Thanks to its knowledge of production control systems and process improvements, Toyota is to help rice farmers in Japan manage their workload with a new IT tool.
The Japanese government is backing the project by Toyota and large-scale tests of the cloud-based system are to begin this month. The project aims to create advanced agricultural management models in order to support the expanding numbers of farmers and landowners.
These small-scale farmers and landowners then entrust the cultivation of their land to large co-operatives. Toyota, for example, has been working with rice growers in Aichi prefecture since 2011 to help them improve their cultivation and productivity.
Previous work by Toyota has included testing trials for the product in 2012, and it has since gone through major improvements, including making the software accessible for the labourers to use.
Toyota’s IT tool will be used to organise data gathered from individual field workers in a central database, so that work across independent rice farms can be managed more efficiently.
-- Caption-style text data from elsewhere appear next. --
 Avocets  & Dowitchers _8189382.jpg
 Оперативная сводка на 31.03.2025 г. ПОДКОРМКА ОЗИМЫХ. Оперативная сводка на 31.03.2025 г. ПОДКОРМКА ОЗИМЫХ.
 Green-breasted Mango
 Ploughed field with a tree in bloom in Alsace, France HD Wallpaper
The tool encompasses a number of rice paddies over a large area and it is used to distribute daily work plans to labourers across the farms.
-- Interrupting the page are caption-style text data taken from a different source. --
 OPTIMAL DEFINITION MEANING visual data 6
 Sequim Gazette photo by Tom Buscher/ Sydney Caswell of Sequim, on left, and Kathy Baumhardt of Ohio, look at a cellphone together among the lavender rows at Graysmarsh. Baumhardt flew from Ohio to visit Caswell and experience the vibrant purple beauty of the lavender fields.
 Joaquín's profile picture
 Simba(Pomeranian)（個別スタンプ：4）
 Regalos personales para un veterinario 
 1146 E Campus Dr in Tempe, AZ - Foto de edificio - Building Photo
It can also be used after the initial growing period to obtain information during the drying and refining phases in the paddies.
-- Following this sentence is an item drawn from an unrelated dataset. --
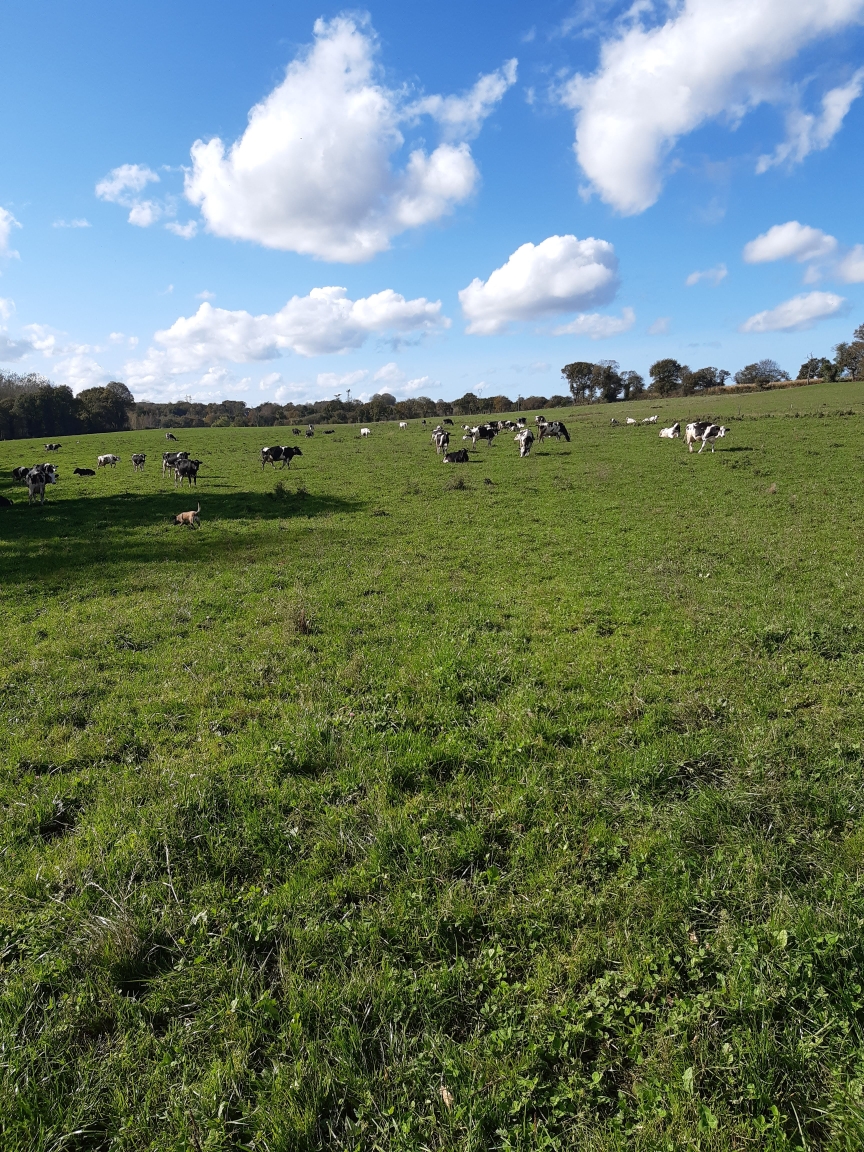 Photo 2 de l'exploitation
The Toyota-developed technology can also be used to collect information about harvest quantity and quality, which will be helpful to farmers as they can analyse the data to grow better-tasting crops.
At the moment, the system is available as a support for major crops, including rice, wheat and soya, but Toyota is keen to grow its development across other products. By doing this the manufacturer hopes it will be able to help revitalise Japanese agriculture.
Overall, the technology has been created by Toyota as a helpful tool, which will see landowners in Japan capable of running their farms more efficiently and with a better end product.